Which RFdiffusion knobs actually matter — and what happens when you turn them?
Previously, in Part 1: We built a complete de novo binder design pipeline — RFdiffusion → ProteinMPNN → ESMFold — targeting the PD-L1 immune checkpoint, and showed that the pipeline can produce structurally validated mini binder candidates from scratch. Read the full Part 1 writeup →
That first run answered the question "can I get this to work?" This post asks the harder question: "now that it works, what do I need to pay attention to?" The goal here is not to draw definitive conclusions — at 20 backbones per condition, we don't have the statistical power for that. Instead, it's to set up a framework for answering that question. In a production setting with more compute, this same framework at higher sample sizes should yield actionable guidance for computational design campaigns. This study consumed approximately 20 GPU-hours on a T4 instance.
The same five-step workflow from Part 1. RFdiffusion generates protein backbone conformations de novo, guided by hotspot residues on the target surface. Backbones that pass a geometry filter (no clashes, reasonable inter-chain distances) are passed to ProteinMPNN, which designs an amino acid sequence for each backbone. ESMFold then predicts the 3D structure of that sequence — independently, from scratch — and we compare how closely that prediction matches the original designed backbone.
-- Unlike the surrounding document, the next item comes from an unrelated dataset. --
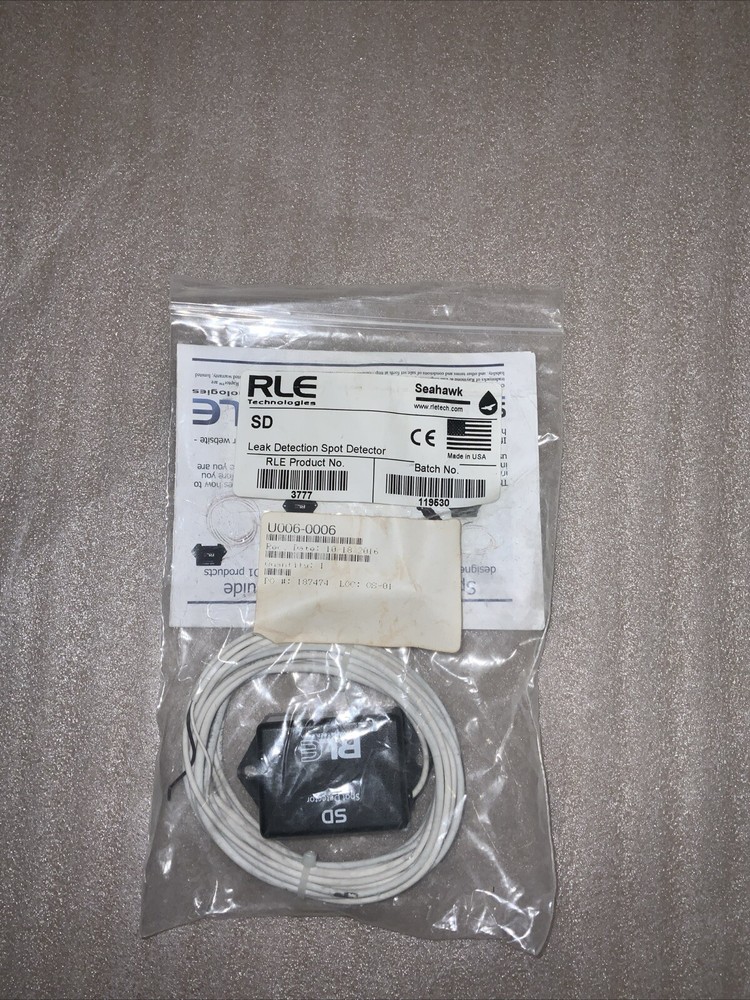 RLE Technologies SD-RO1 Spot Detector With Relay Output 3778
In Part 1, we used a single set of parameters — a 70-residue binder, a hydrophobic hotspot cluster, no added noise. It worked. But that single data point leaves fundamental questions unanswered: was that a lucky configuration, or a robust one? Would shorter binders be equally valid? Does the chemical character of the hotspot residues matter?
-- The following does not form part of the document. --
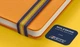 Блокнот Moleskine x K-Way середній 13 х 21 см нелінований помаранчевий нейлон - зображення 6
There's a pragmatic question that anyone running a computational design campaign — whether they come from enzyme engineering, antibody discovery, or assay development — eventually has to face: "How do I trust that the designs I am about to test are worth testing?" Equivalently: "Is my computational workflow reliable, or is it producing noisy designs?" To answer these questions while assembling a toolkit of computational design tools, you have to know how good each tool is and when it should be used.
This kind of instrument characterization is something experimentalists do reflexively — you run controls, you vary one thing at a time, you build intuition about the system's behavior. It's the same logic applied to a computational tool.
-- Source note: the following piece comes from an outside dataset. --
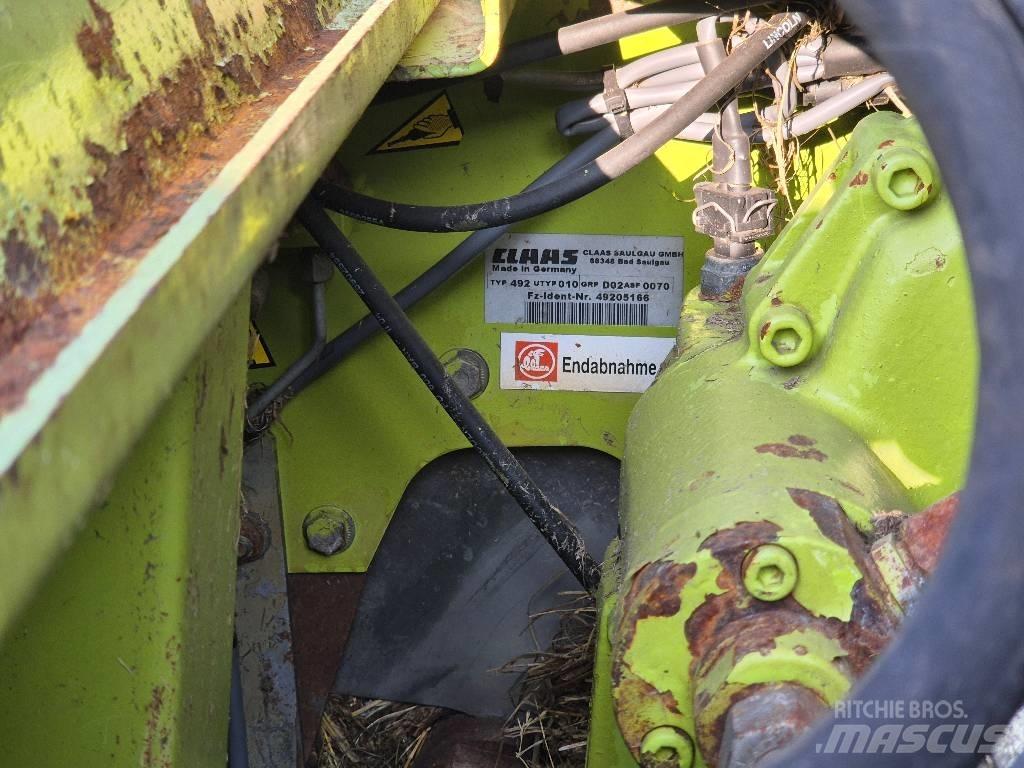 CLAAS Jaguar 850 علافات ذاتية الدفع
Three parameters were varied systematically:
Binder length (25, 50, 70, 100 residues) — Controls topological complexity. The RFdiffusion README notes that the default model tends to generate mostly helical binders.[2] At what length do we start seeing topological diversity beyond helix-turn-helix?
Hotspot configuration — RFdiffusion uses "hotspot residues" on the target surface to guide where the binder docks.[2] We defined three configurations based on our PD-L1 interface analysis (PDB 4ZQK):
Cluster A (4 residues, N-terminal end): Ala18, Thr20, Gly120, Asp122 — small and hydrophobic/polar residues at one end of the interface.
Cluster B (5 residues, central/C-terminal): Asp26, Tyr56, Arg113, Tyr123, Arg125 — aromatic and charged residues that dominate PD-1 binding energetics.
Distributed (8 residues, spanning both): Ala18, Thr20, Asp26, Tyr56, Arg113, Gly120, Asp122, Arg125 — a sparser selection spanning both clusters.
The question is whether the chemical character of these residues — not just their count or spatial arrangement — affects design quality.
Noise scale (0.0 vs 0.5) — Controls stochasticity in the diffusion process. Higher noise should produce more diverse but potentially lower-quality backbones.
The full factorial design would be 4 lengths × 3 hotspot configurations × 2 noise levels = 24 conditions. In practice, only 16 conditions produced geometry-passing backbones. The 8 missing conditions — mostly short binders (25-mers) with cluster B or distributed hotspots — yielded no designs that survived initial geometry filtering.
Conditions tested — Each condition is a unique combination of binder length, hotspot configuration, and noise scale. Each condition runs RFdiffusion once to produce 20 backbone conformations.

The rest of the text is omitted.